Dipublikasikan oleh Dimas Dani Zaini

05 Maret 2024, 09.51

Sumber: kompas.com

KOMPAS.com - Meski pandemi Covid-19 belum berakhir, namun seluruh operasional harus tetap berjalan dengan baik. Tak terkecuali dalam dunia pendidikan tinggi atau perkuliahan. Saat ini Universitas Sumatera Utara (USU) tengah bersiap menggelar perkuliahan tatap muka. Hal tersebut disampaikan Wakil Rektor I USU dr. Edy Ikhsan, S.H., M.H. pada Senin (29 November 2021) pada rapat rutin pagi di kantor tata usaha pusat. Menurutnya, USU saat ini sedang mempersiapkan berbagai perkuliahan tatap muka yang dijadwalkan pada pertengahan Januari 2022. “Melaksanakan perkuliahan tatap muka memerlukan persiapan yang matang, cermat dan sedetail mungkin untuk menghindari situasi yang tidak kita inginkan. ujar Edy Ikhsan dari situs USU. Permasalahan yang berdampak pada terbentuknya klaster pandemi baru atau sistem perkuliahan dikatakan dapat dihindari.
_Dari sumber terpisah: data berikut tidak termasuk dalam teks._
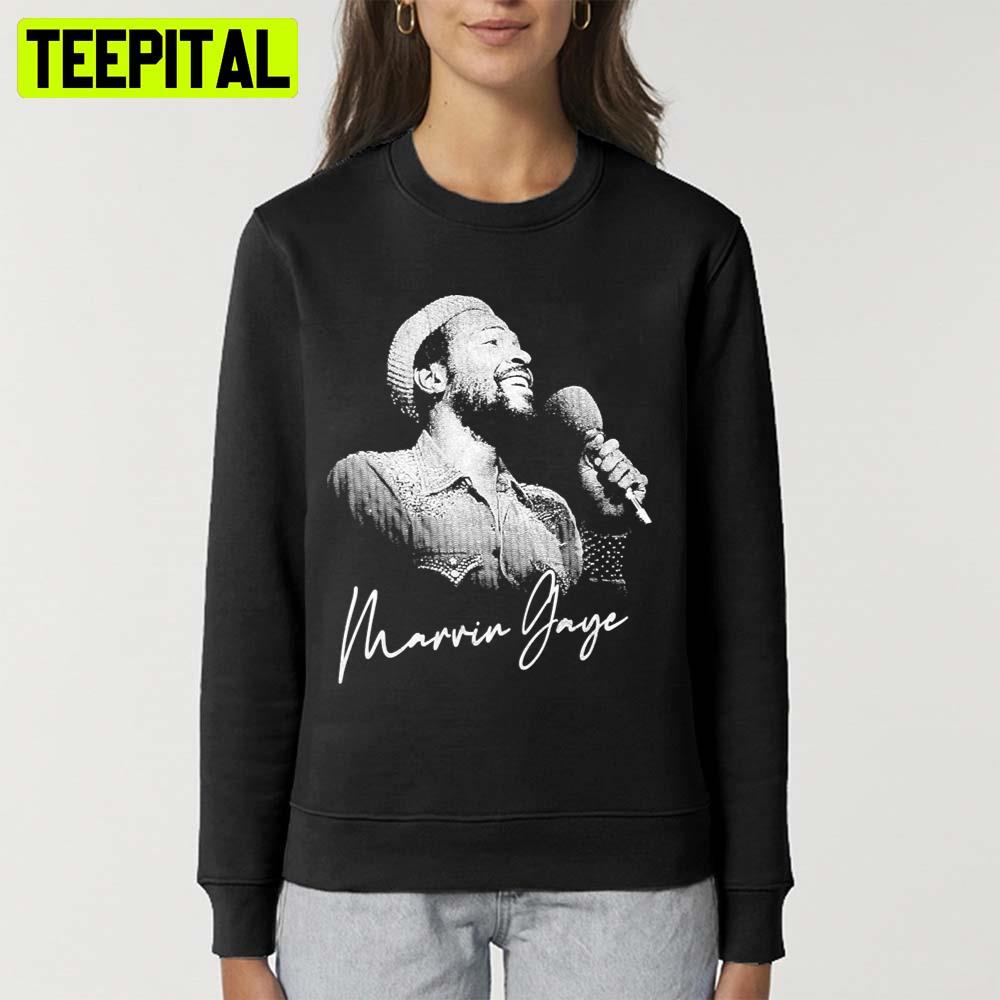 White Art Moment On Stage Marvin Gaye Unisex T-Shirt White Art Moment On Stage Marvin Gaye Unisex T-Shirt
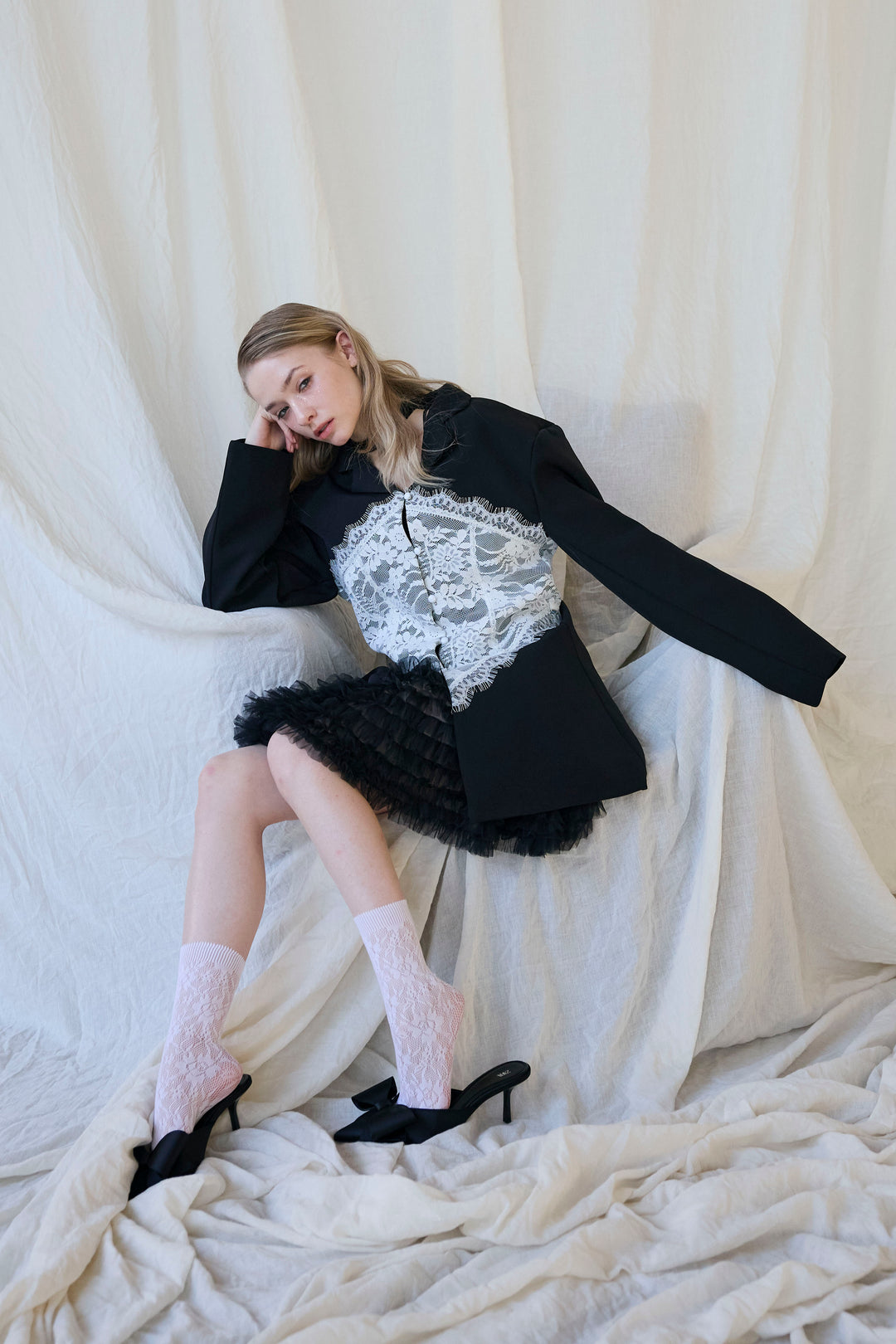 [予約]美ラインウエストレースデザインジャケット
Untuk mempersiapkan perkuliahan tatap muka, USU juga telah menyiapkan layanan administrasi dan pertemuan kelas yang terintegrasi dengan layanan elektronik untuk kecepatan dan ketepatan ideal. “Layanan administrasi yang terintegrasi dengan elektronik siap meminimalisir kerumunan dan antrian,” imbuhnya.

Ia juga menambahkan, program Kampus Merdeka Belajar (MBKM) akan gencar dilaksanakan pada semester mendatang. Dan diharapkan dapat menciptakan proses pembelajaran yang inovatif dengan menunjang minat dan bakat peserta didik. “Ada beberapa program akselerator yang dibuat oleh sektor kemahasiswaan dan alumni. Diantaranya adalah manual yang menjadi pedoman bagi setiap unit kerja. “Salah satunya panduan penyusunan kurikulum MBKM,” jelasnya. Edy Ikhsan menegaskan, tujuan MBKM adalah mencapai hasil belajar yang memuat sikap dan keterampilan secara optimal sehingga sesuai dengan kebutuhan pembelajaran. siap pakai dan profesional di dunia industri. “Kebijakan MBKM akan intensif diterapkan pada semester mendatang,” ujarnya. “Program ini harus menjadi jawaban untuk menciptakan proses pembelajaran yang inovatif bagi mahasiswa, agar semangat dan bakatnya terpacu,” tambah Edy Ikhsan.

Oleh karena itu, ia berharap para akademisi dapat memberikan layanan yang baik dan optimal dan diharapkan dapat menjadi mampu beradaptasi dengan teknologi sehingga dapat bertindak profesional.